The Eclipse model works very like Linux. You have a base, compatible system which can be easily extended, but if like to have more comfort, you should rely on distributions. And Eclipse is working in similar manner. There are already many Eclipse distributions (Yoxos, Codegear, Easyeclipse, Myeclipse) which provide a compatible set of plugins, which can be used for a certain purpose and safe a lot of installation time. However the chances are high, that there will be some fraction moving a project created from one distro to another (Just like porting one linux application between different distros), and you are already somehow dependent on the distros as well.

Netbeans model on the other hand is similar to the Mac or openBSD (with Application Packages) experience. You get not only the base system, but the extensions from one source as well. So the amount of Netbeans plugins/extensions is significantly slower, because everything what you really need is already part of the basic download. Although I prefer Linux over Mac and work with Windows :-) (another story), in the IDE space I enjoy the easy of installation and compatibility between different Netbeans projects. I’m even able to work with daily builds easily - no additional installation of plugins is required. I actually have only few plugins installed on top of Netbeans 6.0 Web & Java EE “edition” (UML, Maven and JavaFX), everything else what I need comes with the download. What I also enjoy now is the pace of development in Netbeans land. It reminds me at the early eclipse days, when I looked forward to every new milestone and installed it immediately. It’s a lot of fun.
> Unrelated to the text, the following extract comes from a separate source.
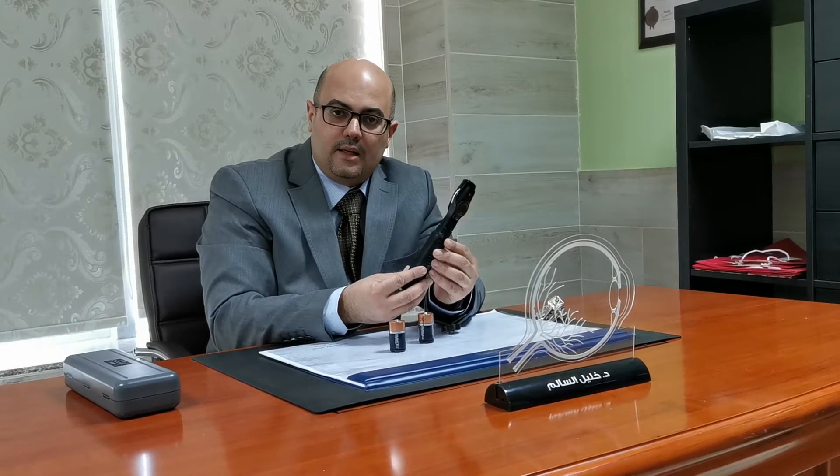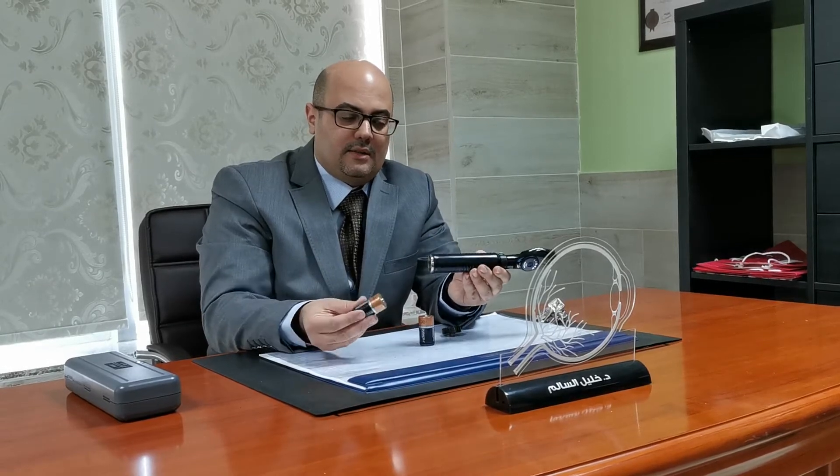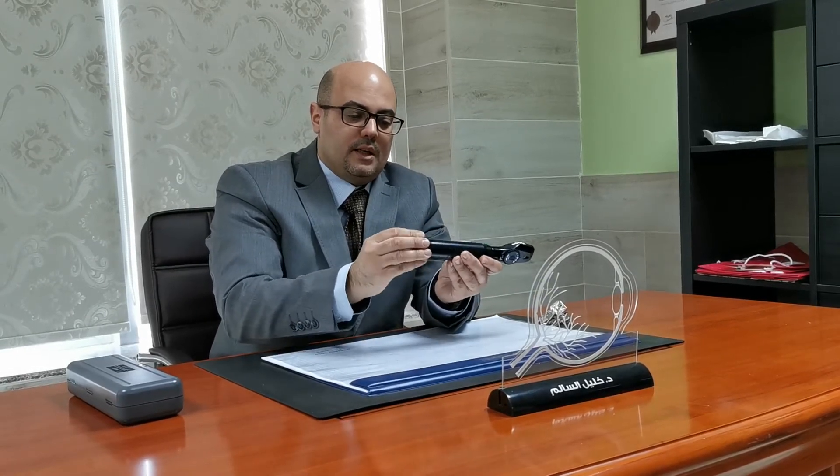To give you a briefing: first, we put an energy source in the device. You can see the green button here. To operate the machine, you press the red button and then flip the handle, and voilà — you have a light source. This is how you operate the machine.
In Netbeans 6.0 even the Profiler and Visual Pack are part of the main download, so you can rely on such functionality as well. In Netbeans 5.5.X days you had to download an additional “Pack” for this purpose. The Netbeans extension mechanism is intuitive as well. You can use the search option to find an extension, without knowing from which URL it is actually downloaded (e.g. the UML-support is a good candidate). Even the update mechanism works similar to the Mac. Instead of downloading a new version from netbeans.org, a small icon appears which lets you install the patches incrementally. It works well so far (the first patch for Netbeans 6.0 is available through this channel).

Btw. you can use Netbeans without the extensions as well. Then the download takes only 21MB (just check out the Java SE edition) and the startup of netbeans becomes lightning fast. Btw. if you like to find more about the “out of the box Java EE 5 power” - in Munich at 24.01.2008 I will give a talk about Java EE 5, Patterns, Architectures with (but not about) Netbeans 6.0.